--- START ---
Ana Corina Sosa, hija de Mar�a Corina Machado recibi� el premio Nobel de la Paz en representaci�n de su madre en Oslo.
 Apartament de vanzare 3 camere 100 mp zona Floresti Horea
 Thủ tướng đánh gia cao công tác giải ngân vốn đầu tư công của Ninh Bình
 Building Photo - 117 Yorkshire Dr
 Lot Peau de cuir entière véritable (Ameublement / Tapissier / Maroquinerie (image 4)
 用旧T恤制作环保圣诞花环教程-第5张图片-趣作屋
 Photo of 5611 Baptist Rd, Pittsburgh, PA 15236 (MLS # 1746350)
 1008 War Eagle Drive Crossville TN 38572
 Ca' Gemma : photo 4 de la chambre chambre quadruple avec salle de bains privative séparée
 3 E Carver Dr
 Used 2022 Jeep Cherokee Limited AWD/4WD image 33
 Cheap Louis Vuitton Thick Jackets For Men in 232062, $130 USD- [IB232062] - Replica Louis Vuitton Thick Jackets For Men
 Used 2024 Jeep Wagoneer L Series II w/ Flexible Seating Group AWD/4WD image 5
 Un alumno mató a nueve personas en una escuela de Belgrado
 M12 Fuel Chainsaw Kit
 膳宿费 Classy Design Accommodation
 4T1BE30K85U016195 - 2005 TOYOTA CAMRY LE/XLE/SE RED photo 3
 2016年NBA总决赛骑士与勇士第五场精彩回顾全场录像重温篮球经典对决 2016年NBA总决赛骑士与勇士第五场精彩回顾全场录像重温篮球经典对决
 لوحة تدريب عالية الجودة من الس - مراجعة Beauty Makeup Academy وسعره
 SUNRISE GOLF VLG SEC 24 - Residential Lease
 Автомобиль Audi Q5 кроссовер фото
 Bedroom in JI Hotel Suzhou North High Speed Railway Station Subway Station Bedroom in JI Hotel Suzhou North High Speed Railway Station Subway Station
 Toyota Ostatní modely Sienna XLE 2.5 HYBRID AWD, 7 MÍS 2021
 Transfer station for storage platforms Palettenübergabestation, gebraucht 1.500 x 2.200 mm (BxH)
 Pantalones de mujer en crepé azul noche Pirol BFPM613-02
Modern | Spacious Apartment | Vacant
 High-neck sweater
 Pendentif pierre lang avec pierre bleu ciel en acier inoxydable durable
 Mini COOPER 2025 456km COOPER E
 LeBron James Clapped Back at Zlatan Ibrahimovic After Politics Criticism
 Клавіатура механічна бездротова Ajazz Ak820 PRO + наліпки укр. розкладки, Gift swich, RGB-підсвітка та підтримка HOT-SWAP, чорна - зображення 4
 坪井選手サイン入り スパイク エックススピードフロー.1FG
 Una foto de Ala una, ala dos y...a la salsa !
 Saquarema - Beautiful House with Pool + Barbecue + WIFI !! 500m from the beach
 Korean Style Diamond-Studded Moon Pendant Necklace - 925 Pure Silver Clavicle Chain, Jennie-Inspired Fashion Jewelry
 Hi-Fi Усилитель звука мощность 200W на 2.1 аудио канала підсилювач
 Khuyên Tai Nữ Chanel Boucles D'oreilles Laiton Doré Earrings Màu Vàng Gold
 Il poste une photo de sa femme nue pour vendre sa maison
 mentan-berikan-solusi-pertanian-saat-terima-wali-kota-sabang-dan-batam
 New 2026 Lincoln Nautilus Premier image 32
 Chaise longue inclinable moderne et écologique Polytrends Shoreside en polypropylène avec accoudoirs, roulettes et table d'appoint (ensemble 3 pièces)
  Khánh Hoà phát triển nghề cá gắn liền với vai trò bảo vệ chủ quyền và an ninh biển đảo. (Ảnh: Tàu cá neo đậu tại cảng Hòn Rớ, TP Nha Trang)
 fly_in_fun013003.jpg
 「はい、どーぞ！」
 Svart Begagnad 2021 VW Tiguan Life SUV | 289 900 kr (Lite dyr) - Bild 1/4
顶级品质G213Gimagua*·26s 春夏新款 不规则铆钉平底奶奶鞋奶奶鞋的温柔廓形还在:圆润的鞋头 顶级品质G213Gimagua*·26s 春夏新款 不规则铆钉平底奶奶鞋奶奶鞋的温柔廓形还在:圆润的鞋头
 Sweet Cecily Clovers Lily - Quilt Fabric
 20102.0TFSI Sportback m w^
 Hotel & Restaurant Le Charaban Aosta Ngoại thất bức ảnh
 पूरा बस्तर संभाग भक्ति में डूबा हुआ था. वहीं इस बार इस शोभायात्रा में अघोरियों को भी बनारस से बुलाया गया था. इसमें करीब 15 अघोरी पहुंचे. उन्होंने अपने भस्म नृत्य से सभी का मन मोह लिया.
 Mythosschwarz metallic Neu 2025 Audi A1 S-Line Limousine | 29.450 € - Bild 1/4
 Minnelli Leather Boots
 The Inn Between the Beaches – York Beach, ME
--- END ---
▸ **Task item**
Each entry is to be written out exactly as it was given.

▸ **Exercise response**
Ana Corina Sosa, hija de Mar�a Corina Machado recibi� el premio Nobel de la Paz en representaci�n de su madre en Oslo.
 Apartament de vanzare 3 camere 100 mp zona Floresti Horea
 Thủ tướng đánh gia cao công tác giải ngân vốn đầu tư công của Ninh Bình
 Building Photo - 117 Yorkshire Dr
 Lot Peau de cuir entière véritable (Ameublement / Tapissier / Maroquinerie (image 4)
 用旧T恤制作环保圣诞花环教程-第5张图片-趣作屋
 Photo of 5611 Baptist Rd, Pittsburgh, PA 15236 (MLS # 1746350)
 1008 War Eagle Drive Crossville TN 38572
 Ca' Gemma : photo 4 de la chambre chambre quadruple avec salle de bains privative séparée
 3 E Carver Dr
 Used 2022 Jeep Cherokee Limited AWD/4WD image 33
 Cheap Louis Vuitton Thick Jackets For Men in 232062, $130 USD- [IB232062] - Replica Louis Vuitton Thick Jackets For Men
 Used 2024 Jeep Wagoneer L Series II w/ Flexible Seating Group AWD/4WD image 5
 Un alumno mató a nueve personas en una escuela de Belgrado
 M12 Fuel Chainsaw Kit
 膳宿费 Classy Design Accommodation
 4T1BE30K85U016195 - 2005 TOYOTA CAMRY LE/XLE/SE RED photo 3
 2016年NBA总决赛骑士与勇士第五场精彩回顾全场录像重温篮球经典对决 2016年NBA总决赛骑士与勇士第五场精彩回顾全场录像重温篮球经典对决
 لوحة تدريب عالية الجودة من الس - مراجعة Beauty Makeup Academy وسعره
 SUNRISE GOLF VLG SEC 24 - Residential Lease
 Автомобиль Audi Q5 кроссовер фото
 Bedroom in JI Hotel Suzhou North High Speed Railway Station Subway Station Bedroom in JI Hotel Suzhou North High Speed Railway Station Subway Station
 Toyota Ostatní modely Sienna XLE 2.5 HYBRID AWD, 7 MÍS 2021
 Transfer station for storage platforms Palettenübergabestation, gebraucht 1.500 x 2.200 mm (BxH)
 Pantalones de mujer en crepé azul noche Pirol BFPM613-02
Modern | Spacious Apartment | Vacant
 High-neck sweater
 Pendentif pierre lang avec pierre bleu ciel en acier inoxydable durable
 Mini COOPER 2025 456km COOPER E
 LeBron James Clapped Back at Zlatan Ibrahimovic After Politics Criticism
 Клавіатура механічна бездротова Ajazz Ak820 PRO + наліпки укр. розкладки, Gift swich, RGB-підсвітка та підтримка HOT-SWAP, чорна - зображення 4
 坪井選手サイン入り スパイク エックススピードフロー.1FG
 Una foto de Ala una, ala dos y...a la salsa !
 Saquarema - Beautiful House with Pool + Barbecue + WIFI !! 500m from the beach
 Korean Style Diamond-Studded Moon Pendant Necklace - 925 Pure Silver Clavicle Chain, Jennie-Inspired Fashion Jewelry
 Hi-Fi Усилитель звука мощность 200W на 2.1 аудио канала підсилювач
 Khuyên Tai Nữ Chanel Boucles D'oreilles Laiton Doré Earrings Màu Vàng Gold
 Il poste une photo de sa femme nue pour vendre sa maison
 mentan-berikan-solusi-pertanian-saat-terima-wali-kota-sabang-dan-batam
 New 2026 Lincoln Nautilus Premier image 32
 Chaise longue inclinable moderne et écologique Polytrends Shoreside en polypropylène avec accoudoirs, roulettes et table d'appoint (ensemble 3 pièces)
  Khánh Hoà phát triển nghề cá gắn liền với vai trò bảo vệ chủ quyền và an ninh biển đảo. (Ảnh: Tàu cá neo đậu tại cảng Hòn Rớ, TP Nha Trang)
 fly_in_fun013003.jpg
 「はい、どーぞ！」
 Svart Begagnad 2021 VW Tiguan Life SUV | 289 900 kr (Lite dyr) - Bild 1/4
顶级品质G213Gimagua*·26s 春夏新款 不规则铆钉平底奶奶鞋奶奶鞋的温柔廓形还在:圆润的鞋头 顶级品质G213Gimagua*·26s 春夏新款 不规则铆钉平底奶奶鞋奶奶鞋的温柔廓形还在:圆润的鞋头
 Sweet Cecily Clovers Lily - Quilt Fabric
 20102.0TFSI Sportback m w^
 Hotel & Restaurant Le Charaban Aosta Ngoại thất bức ảnh
 पूरा बस्तर संभाग भक्ति में डूबा हुआ था. वहीं इस बार इस शोभायात्रा में अघोरियों को भी बनारस से बुलाया गया था. इसमें करीब 15 अघोरी पहुंचे. उन्होंने अपने भस्म नृत्य से सभी का मन मोह लिया.
 Mythosschwarz metallic Neu 2025 Audi A1 S-Line Limousine | 29.450 € - Bild 1/4
 Minnelli Leather Boots
 The Inn Between the Beaches – York Beach, ME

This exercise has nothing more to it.